> _Exercise aim_:
Return each entry word for word, without its pictures.

> _Input material_:
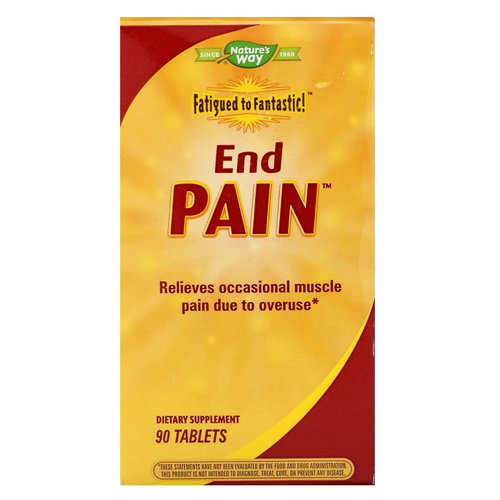 Nature's Way, Fatigued to Fantastic! End Pain, 90 Tablets Review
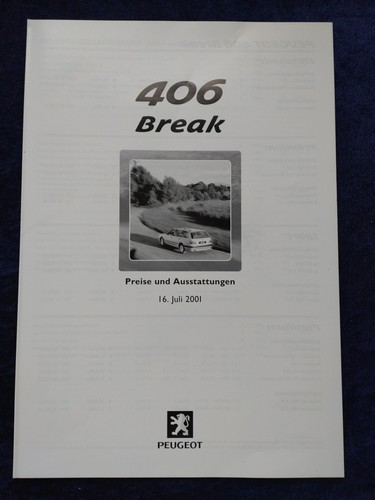 Peugeot 406 break - preise, und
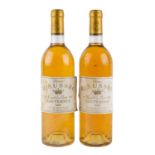 CHÂTEAU RIEUSSEC 2 Flaschen SAUTERNES 1985,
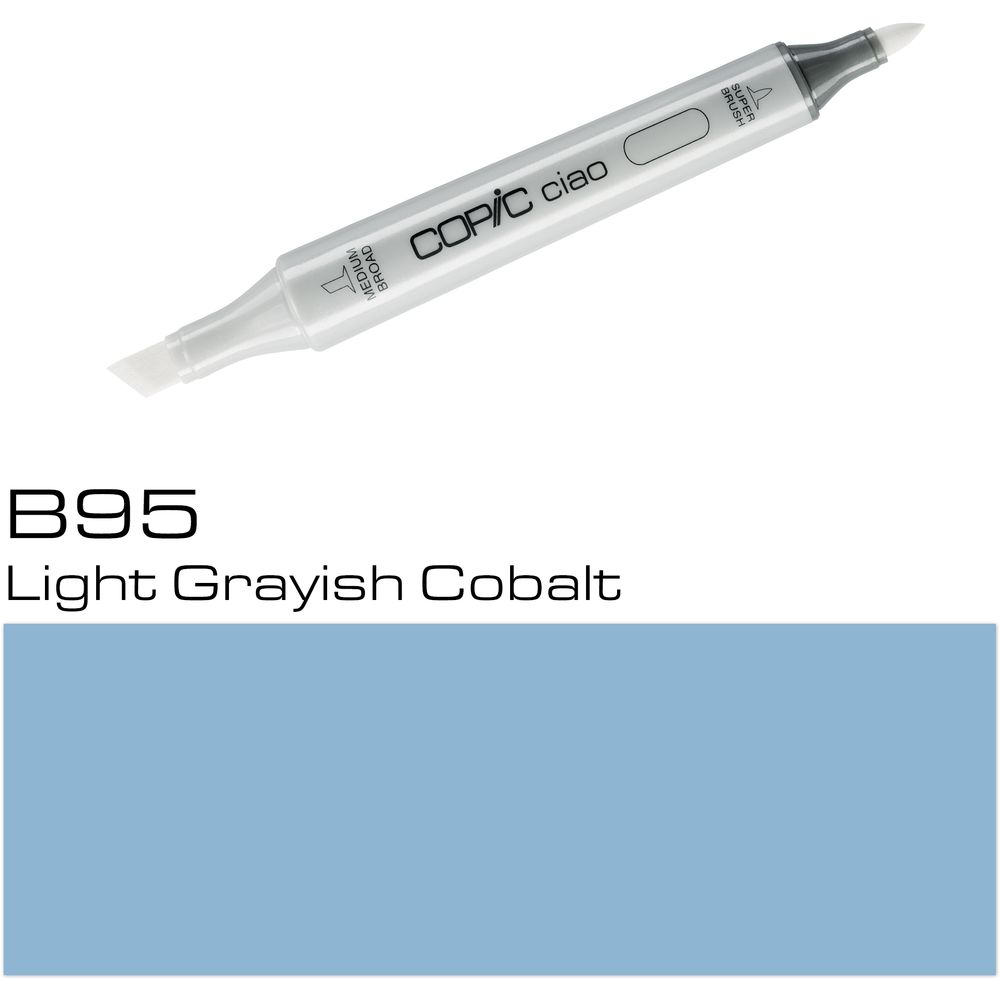 Copic Ciao Refillable Marker - B95 Light Grayish Cobalt
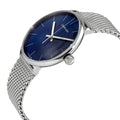 Calvin Klein High Noon Quartz Blue Dial Silver Mesh Bracelet Watch for Men - K8M2112N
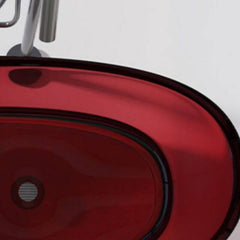 Ink Resin Freestanding Roll Top Oval Casual Bathtub with Soaking Design, 63"L x 30"W x 22"H Bathtubs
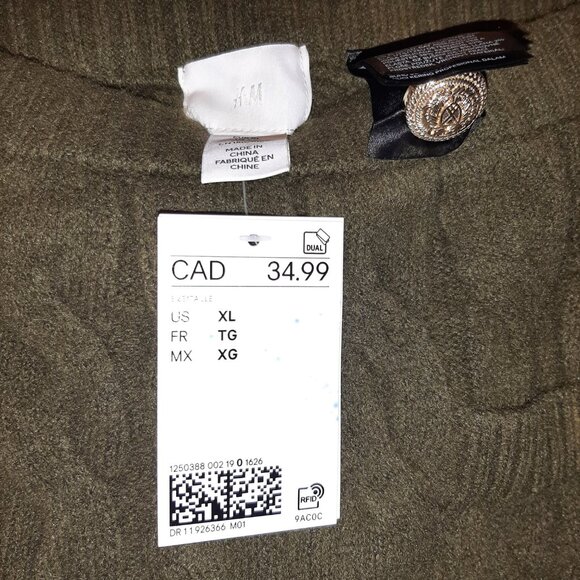 H&M green khaki skirt - Picture 3 of 4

> _Answer to this task_:
 Nature's Way, Fatigued to Fantastic! End Pain, 90 Tablets Review
 Peugeot 406 break - preise, und
 CHÂTEAU RIEUSSEC 2 Flaschen SAUTERNES 1985,
 Copic Ciao Refillable Marker - B95 Light Grayish Cobalt
 Calvin Klein High Noon Quartz Blue Dial Silver Mesh Bracelet Watch for Men - K8M2112N
 Ink Resin Freestanding Roll Top Oval Casual Bathtub with Soaking Design, 63"L x 30"W x 22"H Bathtubs
 H&M green khaki skirt - Picture 3 of 4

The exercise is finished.